Though urea's origins may be unsavory -- it derives from mammalian urine -- it is a core component of plant fertiliser when synthesised with ammonia and carbon dioxide. Urea fertiliser promotes healthy growth by providing essential nitrogen to plants. For the most part, farmers use urea fertiliser on crops and pastures, but green fingers can put it work on the lawn at home.
Urea comes in the form of a solid white crystal. It contains 46 per cent nitrogen, hence its qualification as a nitrogen fertiliser. Urea fertilisers contain prills -- tiny dry spheres -- or granulated urea elements, mostly the latter as urea granules resist moisture more efficiently than prills. Like ammonium nitrate and ammonium sulphate fertilisers, urea-based fertiliser is a fast-release fertiliser.
Farmers and gardeners apply urea fertiliser as a solid compound or as a spray that targets foliage. Farmers commonly use urea fertiliser on sod crops such as winter wheat, potatoes, soybeans and small grains during the cool seasons. It can be used on grass during summer seasons, provided there is plentiful rainfall. This type of fertiliser accommodates blending with other fertiliser types, including monoammonium phosphate and diammonium phosphate. It also can be incorporated into an irrigation system.
Urea fertiliser generally comes at the lowest per-pound nitrogen cost when compared with other single-element nitrogen fertilisers. This type of fertiliser usually exhibits a greening effect fairly quickly. It produces crop yield increase equal to other forms of nitrogen, according to research from soil specialists at the University of Minnesota's agricultural extension. As the fertiliser decomposes, it releases few environmental pollutants. Urea fertiliser poses little or no fire hazard. Because of its high nitrogen content, urea fertiliser stores easily and doesn't cost much to transport.
If urea fertiliser stagnates on the soil's surface for too long during warm weather, its nitrogen content can evaporate into the atmosphere.
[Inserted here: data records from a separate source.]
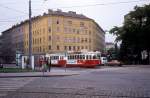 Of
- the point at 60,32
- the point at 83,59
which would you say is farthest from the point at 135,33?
the point at 60,32

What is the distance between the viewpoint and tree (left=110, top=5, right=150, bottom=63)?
8077 cm

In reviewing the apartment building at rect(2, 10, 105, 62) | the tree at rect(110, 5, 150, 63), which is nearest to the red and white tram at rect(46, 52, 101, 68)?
the tree at rect(110, 5, 150, 63)

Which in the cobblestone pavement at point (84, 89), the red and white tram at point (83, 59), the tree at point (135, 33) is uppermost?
the tree at point (135, 33)

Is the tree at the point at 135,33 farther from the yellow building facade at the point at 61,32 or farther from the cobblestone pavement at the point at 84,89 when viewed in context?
the cobblestone pavement at the point at 84,89

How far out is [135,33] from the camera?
82.1 m

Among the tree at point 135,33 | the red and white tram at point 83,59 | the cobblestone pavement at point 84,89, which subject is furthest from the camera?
the tree at point 135,33

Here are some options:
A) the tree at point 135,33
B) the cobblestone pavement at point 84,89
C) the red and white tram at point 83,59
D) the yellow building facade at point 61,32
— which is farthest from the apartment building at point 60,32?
the cobblestone pavement at point 84,89

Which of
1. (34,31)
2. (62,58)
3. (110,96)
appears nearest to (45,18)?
(34,31)

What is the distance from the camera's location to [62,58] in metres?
64.8

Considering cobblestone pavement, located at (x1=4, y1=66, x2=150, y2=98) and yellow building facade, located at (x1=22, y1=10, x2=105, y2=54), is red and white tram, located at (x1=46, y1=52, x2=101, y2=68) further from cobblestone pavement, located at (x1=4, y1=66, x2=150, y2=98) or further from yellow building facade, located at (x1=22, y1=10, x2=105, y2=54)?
yellow building facade, located at (x1=22, y1=10, x2=105, y2=54)

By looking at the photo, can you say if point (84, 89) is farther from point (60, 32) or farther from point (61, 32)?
point (61, 32)

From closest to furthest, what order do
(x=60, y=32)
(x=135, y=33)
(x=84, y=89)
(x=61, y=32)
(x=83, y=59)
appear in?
(x=84, y=89) → (x=83, y=59) → (x=135, y=33) → (x=60, y=32) → (x=61, y=32)

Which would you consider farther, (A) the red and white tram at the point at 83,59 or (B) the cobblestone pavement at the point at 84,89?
(A) the red and white tram at the point at 83,59

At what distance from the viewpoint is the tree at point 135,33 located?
80769mm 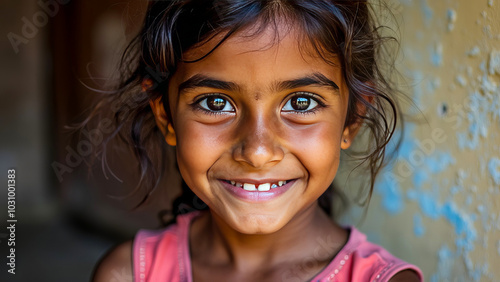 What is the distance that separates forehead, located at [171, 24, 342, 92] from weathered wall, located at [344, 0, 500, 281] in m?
0.43

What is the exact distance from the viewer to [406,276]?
1310 millimetres

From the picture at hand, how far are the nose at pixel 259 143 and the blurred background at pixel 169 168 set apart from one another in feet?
1.72

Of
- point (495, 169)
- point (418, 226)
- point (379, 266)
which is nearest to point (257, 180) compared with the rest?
point (379, 266)

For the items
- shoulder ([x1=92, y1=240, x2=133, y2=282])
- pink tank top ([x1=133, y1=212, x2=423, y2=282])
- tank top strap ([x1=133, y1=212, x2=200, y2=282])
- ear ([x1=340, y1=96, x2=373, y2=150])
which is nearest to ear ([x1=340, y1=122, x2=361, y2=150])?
ear ([x1=340, y1=96, x2=373, y2=150])

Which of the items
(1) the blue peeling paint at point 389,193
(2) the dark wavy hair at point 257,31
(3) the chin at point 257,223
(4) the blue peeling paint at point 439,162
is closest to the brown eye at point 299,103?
(2) the dark wavy hair at point 257,31

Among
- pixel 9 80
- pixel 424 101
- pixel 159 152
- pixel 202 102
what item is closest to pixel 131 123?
pixel 159 152

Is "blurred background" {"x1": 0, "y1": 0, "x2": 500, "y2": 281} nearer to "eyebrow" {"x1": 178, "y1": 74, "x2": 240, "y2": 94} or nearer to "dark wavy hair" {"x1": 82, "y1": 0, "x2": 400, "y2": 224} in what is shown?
"dark wavy hair" {"x1": 82, "y1": 0, "x2": 400, "y2": 224}

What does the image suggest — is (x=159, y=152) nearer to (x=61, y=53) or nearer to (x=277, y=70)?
(x=277, y=70)

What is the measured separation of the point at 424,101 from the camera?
1.59 meters

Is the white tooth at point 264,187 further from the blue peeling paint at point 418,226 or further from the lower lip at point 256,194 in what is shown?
the blue peeling paint at point 418,226

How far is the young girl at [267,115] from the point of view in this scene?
3.81 feet

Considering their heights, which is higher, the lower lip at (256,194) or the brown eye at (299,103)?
the brown eye at (299,103)

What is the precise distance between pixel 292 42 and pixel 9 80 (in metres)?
2.32

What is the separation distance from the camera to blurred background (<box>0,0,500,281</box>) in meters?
1.35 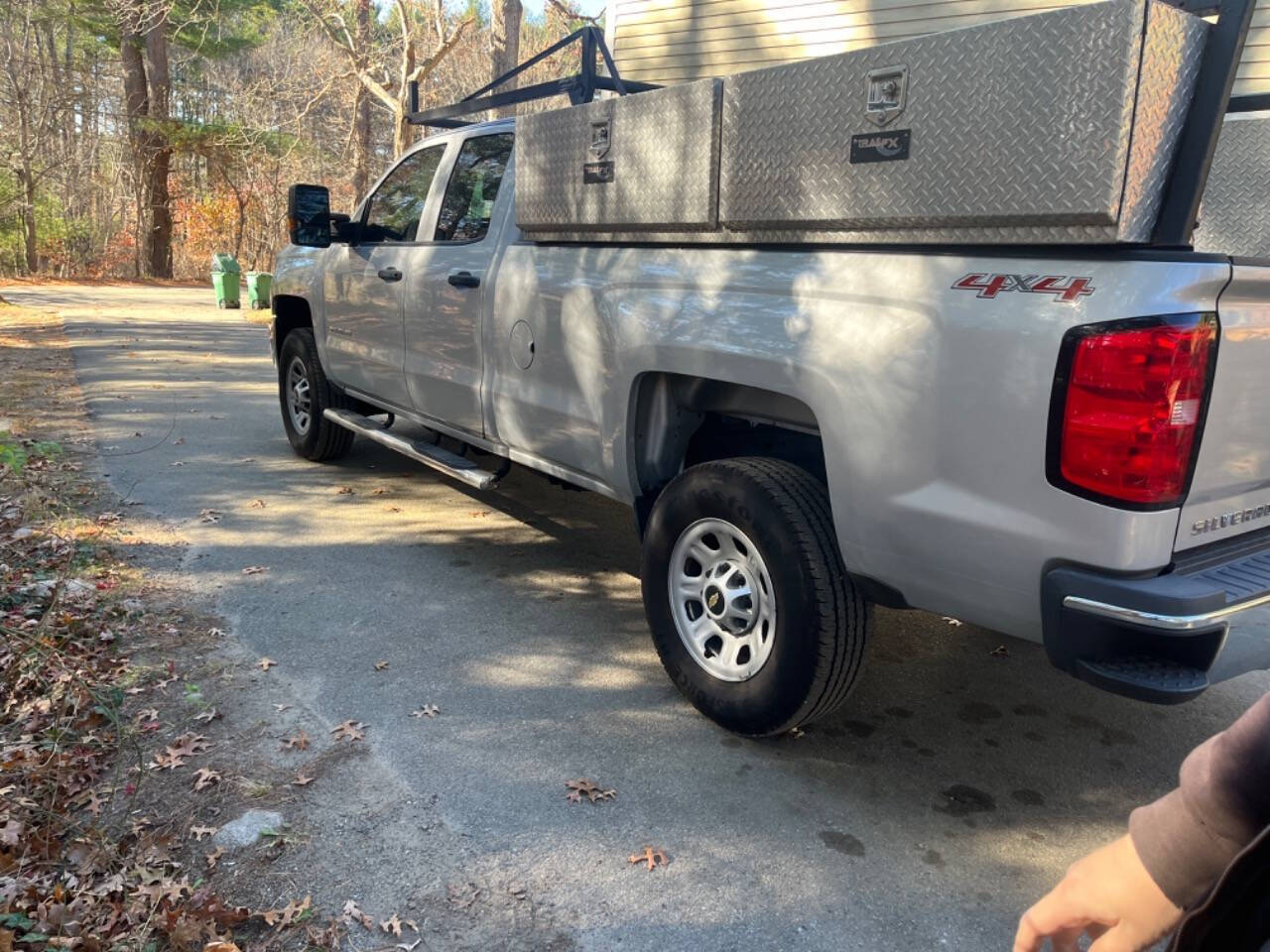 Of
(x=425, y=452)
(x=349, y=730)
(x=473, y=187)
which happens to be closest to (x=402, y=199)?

Loses decrease when soil is cool. It gives off ammonia when it evaporates, so urea fertiliser should not be applied to vegetative plants during warm seasons. Urea fertiliser contains the chemical compound biuret, which leads to agronomic problems if the fertiliser is used too close to seeds. When applied to small lawns, it may burn grass. Urea fertiliser does not accommodate blending with superphosphate-based soil.